I recently had the opportunity to listen in at a roundtable for financial advisors, as they talked about their concerns regarding the current state of the financial markets and how their clients are dealing with it. Worry, dread and angst seemed to win out over the "glass is half full" crowd. Heads all began nodding in unison when one advisor mentioned how painful it was to go over the statement for one of his retired clients -- knowing that the value of the client's account was down considerably.
I couldn't help but think how unsettling it must be to plan meticulously to ensure that your nest egg will last at least as long as you do, only to discover that it very well might not. Many of us, myself included, may not live long enough to see our market values return back to the levels they were in the good old days. So what can we do?
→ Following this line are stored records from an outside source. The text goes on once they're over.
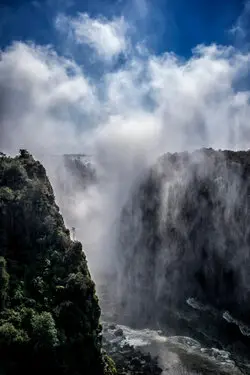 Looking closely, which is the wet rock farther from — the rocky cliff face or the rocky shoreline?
the rocky cliff face

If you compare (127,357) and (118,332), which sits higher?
(118,332)

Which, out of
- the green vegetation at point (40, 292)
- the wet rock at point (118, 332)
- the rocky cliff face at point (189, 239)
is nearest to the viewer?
the green vegetation at point (40, 292)

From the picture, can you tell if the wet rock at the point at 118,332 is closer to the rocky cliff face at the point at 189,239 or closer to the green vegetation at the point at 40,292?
the rocky cliff face at the point at 189,239

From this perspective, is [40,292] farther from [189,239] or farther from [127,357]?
[189,239]

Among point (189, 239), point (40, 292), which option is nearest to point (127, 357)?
point (40, 292)

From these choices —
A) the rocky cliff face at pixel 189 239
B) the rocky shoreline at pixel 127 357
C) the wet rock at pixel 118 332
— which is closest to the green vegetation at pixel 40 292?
the rocky shoreline at pixel 127 357

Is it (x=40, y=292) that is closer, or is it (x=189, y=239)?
(x=40, y=292)

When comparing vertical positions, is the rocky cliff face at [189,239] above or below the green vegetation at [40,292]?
above

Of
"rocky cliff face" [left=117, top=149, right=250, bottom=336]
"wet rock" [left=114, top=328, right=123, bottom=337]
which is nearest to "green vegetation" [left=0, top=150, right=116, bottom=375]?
"wet rock" [left=114, top=328, right=123, bottom=337] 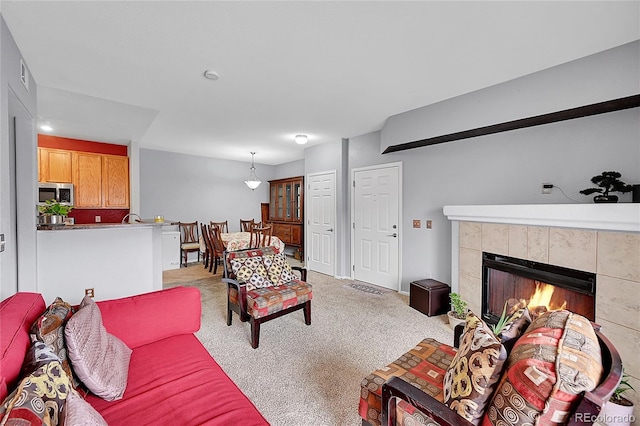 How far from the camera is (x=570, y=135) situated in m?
2.53

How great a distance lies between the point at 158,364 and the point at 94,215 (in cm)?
456

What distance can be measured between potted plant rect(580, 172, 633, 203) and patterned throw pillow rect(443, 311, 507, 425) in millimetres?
1993

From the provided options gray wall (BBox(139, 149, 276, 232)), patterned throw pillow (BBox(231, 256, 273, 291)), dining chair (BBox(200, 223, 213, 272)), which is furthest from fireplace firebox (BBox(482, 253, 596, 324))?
gray wall (BBox(139, 149, 276, 232))

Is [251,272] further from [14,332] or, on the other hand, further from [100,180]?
[100,180]

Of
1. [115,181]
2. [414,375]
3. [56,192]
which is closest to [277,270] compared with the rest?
[414,375]

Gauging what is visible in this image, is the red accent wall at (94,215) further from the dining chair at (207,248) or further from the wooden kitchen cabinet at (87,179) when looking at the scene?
the dining chair at (207,248)

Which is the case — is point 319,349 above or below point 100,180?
below

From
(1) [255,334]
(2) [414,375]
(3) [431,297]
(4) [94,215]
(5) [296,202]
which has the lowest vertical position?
(1) [255,334]

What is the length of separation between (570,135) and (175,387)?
11.9 ft

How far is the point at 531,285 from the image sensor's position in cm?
258

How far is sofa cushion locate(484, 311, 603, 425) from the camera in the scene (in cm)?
81

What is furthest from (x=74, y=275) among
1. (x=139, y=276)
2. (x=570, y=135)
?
(x=570, y=135)

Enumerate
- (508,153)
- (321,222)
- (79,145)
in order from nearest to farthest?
(508,153), (79,145), (321,222)

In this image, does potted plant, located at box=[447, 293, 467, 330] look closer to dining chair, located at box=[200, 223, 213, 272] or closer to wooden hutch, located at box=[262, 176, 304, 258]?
wooden hutch, located at box=[262, 176, 304, 258]
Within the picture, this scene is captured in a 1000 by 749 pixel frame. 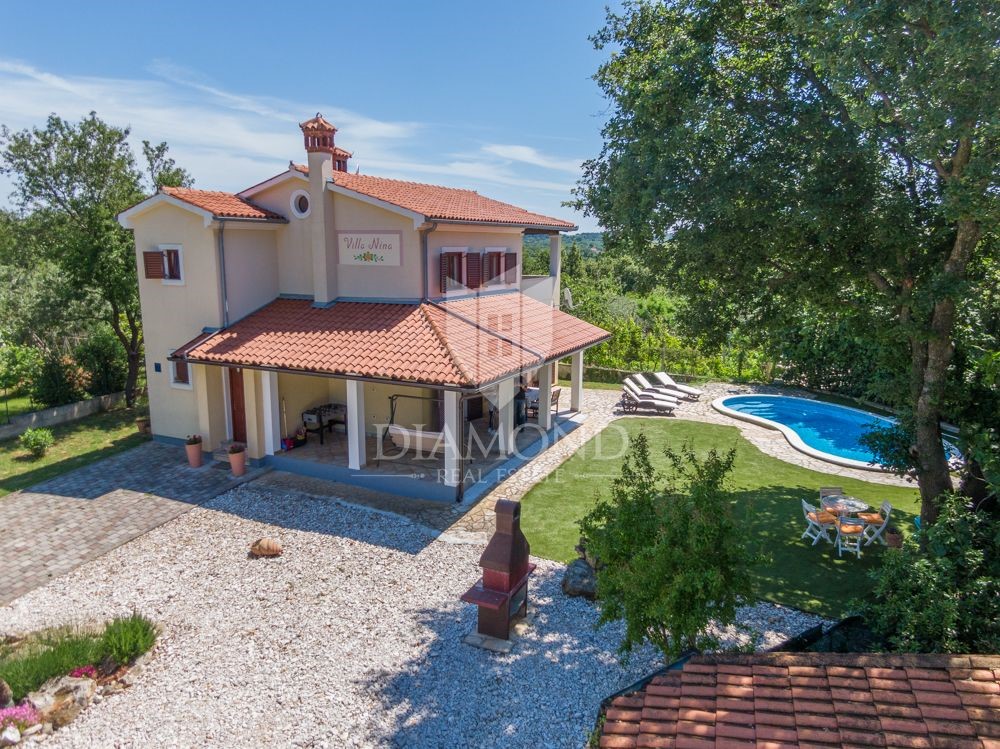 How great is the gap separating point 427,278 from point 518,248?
723 cm

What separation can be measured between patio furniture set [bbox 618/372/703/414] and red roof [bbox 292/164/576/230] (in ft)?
26.0

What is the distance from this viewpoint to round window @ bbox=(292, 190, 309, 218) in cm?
2100

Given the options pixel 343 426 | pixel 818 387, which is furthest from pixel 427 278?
pixel 818 387

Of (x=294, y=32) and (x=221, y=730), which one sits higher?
(x=294, y=32)

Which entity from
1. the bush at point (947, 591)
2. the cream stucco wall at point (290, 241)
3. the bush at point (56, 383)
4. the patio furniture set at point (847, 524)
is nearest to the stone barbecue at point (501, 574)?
the bush at point (947, 591)

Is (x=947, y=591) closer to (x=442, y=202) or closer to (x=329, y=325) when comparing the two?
(x=329, y=325)

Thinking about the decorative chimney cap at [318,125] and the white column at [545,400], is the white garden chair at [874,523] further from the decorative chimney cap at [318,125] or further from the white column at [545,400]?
the decorative chimney cap at [318,125]

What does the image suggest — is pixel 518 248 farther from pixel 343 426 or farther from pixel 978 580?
pixel 978 580

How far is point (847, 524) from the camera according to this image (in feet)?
48.6

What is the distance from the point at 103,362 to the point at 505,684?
88.1 ft

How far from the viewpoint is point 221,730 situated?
9156mm

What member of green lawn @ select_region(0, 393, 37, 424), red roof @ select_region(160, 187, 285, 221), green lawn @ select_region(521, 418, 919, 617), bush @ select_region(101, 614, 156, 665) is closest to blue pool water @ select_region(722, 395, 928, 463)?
green lawn @ select_region(521, 418, 919, 617)

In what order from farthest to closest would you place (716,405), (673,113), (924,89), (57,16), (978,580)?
(716,405) → (57,16) → (673,113) → (924,89) → (978,580)

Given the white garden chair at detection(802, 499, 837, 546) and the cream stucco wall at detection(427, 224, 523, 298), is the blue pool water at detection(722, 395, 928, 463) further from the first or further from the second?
the cream stucco wall at detection(427, 224, 523, 298) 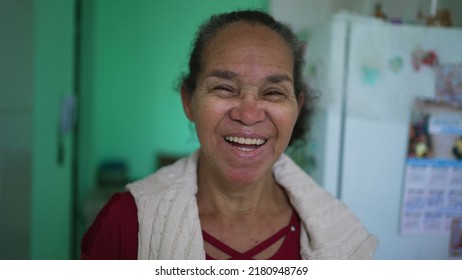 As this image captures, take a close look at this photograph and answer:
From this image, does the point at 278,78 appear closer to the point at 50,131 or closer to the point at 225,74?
the point at 225,74

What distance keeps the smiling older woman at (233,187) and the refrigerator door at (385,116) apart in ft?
1.79

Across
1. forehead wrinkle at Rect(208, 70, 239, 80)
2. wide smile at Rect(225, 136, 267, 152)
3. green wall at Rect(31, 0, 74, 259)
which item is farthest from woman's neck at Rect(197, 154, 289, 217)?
green wall at Rect(31, 0, 74, 259)

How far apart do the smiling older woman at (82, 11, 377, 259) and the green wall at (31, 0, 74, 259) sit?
1.57ft

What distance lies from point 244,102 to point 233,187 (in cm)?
20

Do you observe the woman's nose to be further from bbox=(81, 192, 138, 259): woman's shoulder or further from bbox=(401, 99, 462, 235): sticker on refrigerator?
bbox=(401, 99, 462, 235): sticker on refrigerator

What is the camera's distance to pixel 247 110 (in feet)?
2.18

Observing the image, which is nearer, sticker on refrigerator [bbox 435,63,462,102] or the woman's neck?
the woman's neck

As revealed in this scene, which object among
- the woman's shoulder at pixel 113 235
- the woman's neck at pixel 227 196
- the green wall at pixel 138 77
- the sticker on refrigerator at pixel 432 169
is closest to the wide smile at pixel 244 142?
the woman's neck at pixel 227 196

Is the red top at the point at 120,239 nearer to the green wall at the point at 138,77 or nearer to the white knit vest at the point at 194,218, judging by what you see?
the white knit vest at the point at 194,218

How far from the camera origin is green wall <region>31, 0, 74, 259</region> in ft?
3.52

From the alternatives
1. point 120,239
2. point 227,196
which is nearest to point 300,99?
point 227,196

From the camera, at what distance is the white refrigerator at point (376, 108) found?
4.26 feet

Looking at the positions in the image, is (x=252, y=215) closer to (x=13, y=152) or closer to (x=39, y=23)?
(x=13, y=152)

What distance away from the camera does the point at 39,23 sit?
3.51 feet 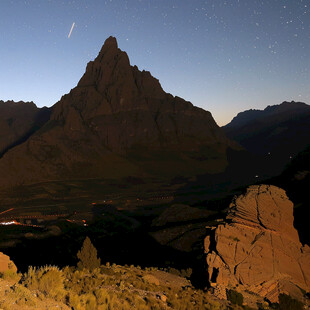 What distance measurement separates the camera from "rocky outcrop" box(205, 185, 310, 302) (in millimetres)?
14820

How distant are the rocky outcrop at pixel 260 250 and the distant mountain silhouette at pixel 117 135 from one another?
101136 millimetres

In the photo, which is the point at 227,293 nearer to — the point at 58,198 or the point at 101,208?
the point at 101,208

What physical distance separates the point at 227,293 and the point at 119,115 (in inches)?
5368

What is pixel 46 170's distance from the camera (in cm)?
11050

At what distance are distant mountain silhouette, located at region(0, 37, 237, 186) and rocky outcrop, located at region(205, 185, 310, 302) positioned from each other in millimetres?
101136

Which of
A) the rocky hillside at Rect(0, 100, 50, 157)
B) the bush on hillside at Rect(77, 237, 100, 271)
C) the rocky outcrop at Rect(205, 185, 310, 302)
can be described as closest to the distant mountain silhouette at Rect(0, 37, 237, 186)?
the rocky hillside at Rect(0, 100, 50, 157)

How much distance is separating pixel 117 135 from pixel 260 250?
420 ft

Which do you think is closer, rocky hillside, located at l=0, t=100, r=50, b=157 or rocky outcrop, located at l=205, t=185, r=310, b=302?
rocky outcrop, located at l=205, t=185, r=310, b=302

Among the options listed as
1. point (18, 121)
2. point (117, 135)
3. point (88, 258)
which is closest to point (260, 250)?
point (88, 258)

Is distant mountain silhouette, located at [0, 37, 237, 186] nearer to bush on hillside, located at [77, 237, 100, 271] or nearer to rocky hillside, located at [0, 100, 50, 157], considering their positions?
rocky hillside, located at [0, 100, 50, 157]

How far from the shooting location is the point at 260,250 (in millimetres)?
15383

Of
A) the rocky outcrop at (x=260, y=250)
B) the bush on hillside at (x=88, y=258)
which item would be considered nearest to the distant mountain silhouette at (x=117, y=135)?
the bush on hillside at (x=88, y=258)

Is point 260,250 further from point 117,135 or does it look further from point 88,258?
point 117,135

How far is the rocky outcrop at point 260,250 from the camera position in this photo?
1482 centimetres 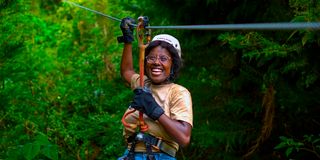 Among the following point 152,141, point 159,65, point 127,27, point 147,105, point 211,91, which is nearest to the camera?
point 147,105

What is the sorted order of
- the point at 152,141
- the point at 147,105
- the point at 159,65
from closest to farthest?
1. the point at 147,105
2. the point at 152,141
3. the point at 159,65

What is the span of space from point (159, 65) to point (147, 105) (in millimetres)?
424

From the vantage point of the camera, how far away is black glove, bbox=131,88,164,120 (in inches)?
123

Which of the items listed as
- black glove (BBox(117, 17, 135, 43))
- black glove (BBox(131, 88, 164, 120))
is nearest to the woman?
black glove (BBox(131, 88, 164, 120))

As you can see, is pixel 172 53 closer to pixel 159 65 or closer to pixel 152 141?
pixel 159 65

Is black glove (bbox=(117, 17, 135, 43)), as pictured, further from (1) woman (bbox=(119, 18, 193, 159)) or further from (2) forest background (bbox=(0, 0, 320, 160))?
(2) forest background (bbox=(0, 0, 320, 160))

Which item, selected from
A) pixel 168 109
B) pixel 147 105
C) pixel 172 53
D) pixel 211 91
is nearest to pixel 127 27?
pixel 172 53

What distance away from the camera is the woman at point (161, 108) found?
3.15 metres

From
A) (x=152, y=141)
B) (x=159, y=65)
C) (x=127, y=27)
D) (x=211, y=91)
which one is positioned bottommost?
(x=211, y=91)

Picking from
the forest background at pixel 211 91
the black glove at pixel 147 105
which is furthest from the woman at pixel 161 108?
the forest background at pixel 211 91

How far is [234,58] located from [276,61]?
1110 mm

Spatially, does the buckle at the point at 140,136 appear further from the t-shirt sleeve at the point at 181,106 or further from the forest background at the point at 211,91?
the forest background at the point at 211,91

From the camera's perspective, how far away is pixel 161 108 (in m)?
3.15

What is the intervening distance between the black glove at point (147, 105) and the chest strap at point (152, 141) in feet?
0.58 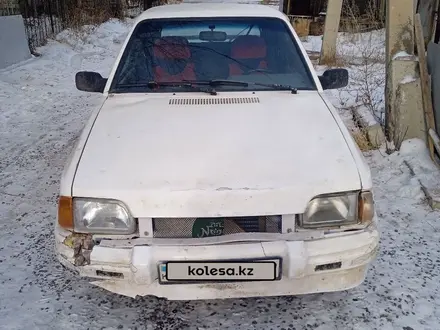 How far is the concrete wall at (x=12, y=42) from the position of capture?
32.4ft

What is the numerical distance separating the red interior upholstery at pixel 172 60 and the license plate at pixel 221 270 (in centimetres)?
157

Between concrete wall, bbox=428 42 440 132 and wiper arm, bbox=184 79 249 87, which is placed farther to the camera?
concrete wall, bbox=428 42 440 132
The answer is simple: We need to shorten our lifespan.
If you can't recoup your clients' losses in a reasonable amount of time, then, as their financial advisor, maybe you should encourage them to take up fun-filled, extremely dangerous hobbies. After all, who doesn't want to check out of this world with their boots on and their guns blazing? Personally, I would consider it an honor if, at my funeral, people were saying, "At least he went out living life to the fullest. I just wish he would have remembered to fill up the gas tank on his plane before he took off."
The phrase "Live fast, die young, and leave a good-looking corpse!" was first uttered back in 1949 by actor John Derek in the film Knock on Any Door, which also starred Humphrey Bogart. I doubt that John or Humphrey had any idea their little catchphrase would be equally appropriate 60 years later, in 2009.
So how do you go about implementing such a program? I would suggest tying it in with your client appreciation events. For example, most of us, at one time or another, have held a client-appreciation dinner. You might offer that same dinner this year -- only invite a celebrity. Some possible dinner companions might include Robert Blake, O.J. Simpson or Claus von B?low.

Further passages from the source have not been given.